Saurlin mengatakan, konflik di Pulau Rempang sudah sangat terbuka informasinya. Presiden Joko Widodo juga telah menyampaikan keprihatinannya. Namun ia mengatakan masih was-was dengan adanya ancaman eskalasi yang jauh lebih besar pada 28 September 2023. Tanggal tersebut sebelumnya diungkapkan sebagai tenggat agar warga Pulau Rempang mengosongkan area yang akan dijadikan proyek strategis nasional Rempang Eco-City. Dalam tenggat itu sebelumnya disampaikan akan ada tindakan yang sangat serius kepada masyarakat yang menolak relokasi. Artinya, kata Saurlin, hal ini bisa menimbulkan sesuatu yang lebih dinamis dibandingkan pada 7 September 2023 lalu. Jika pada tanggal 7 masih di pintu masuk, maka kata Saurlin, tanggal 28 bukan hanya di pintu masuk, namun di seluruh kampung akan terjadi pengangkatan paksa, pembawaan paksa, dan sebagainya untuk mengosongkan lokasi.

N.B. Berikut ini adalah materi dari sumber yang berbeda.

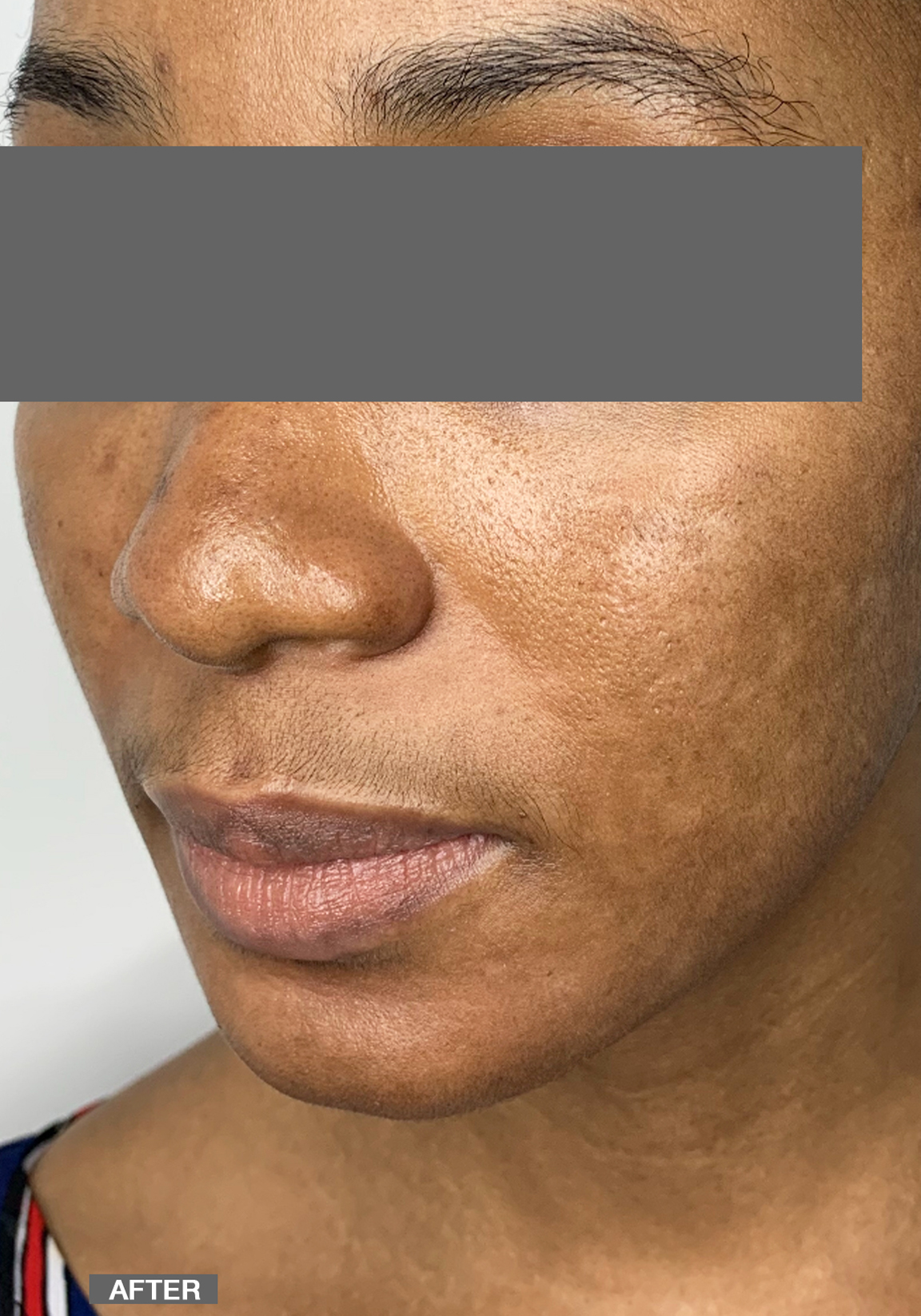 Specialty Peels Before and After | Flawless Aesthetic Center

Komnas HAM dalam pantauannya di Pulau Rempang sempat menemukan selongsong gas air mata di atap salah satu sekolah di sana. Saurlin mengakui timnya menemukan selongsong gas air mata itu di atap sekolah. Namun yang jadi pertanyaan kenapa benda itu masih ada di sana padahal saat ditemukan Komnas HAM, peristiwa bentrokan itu telah terjadi beberapa hari sebelumnya.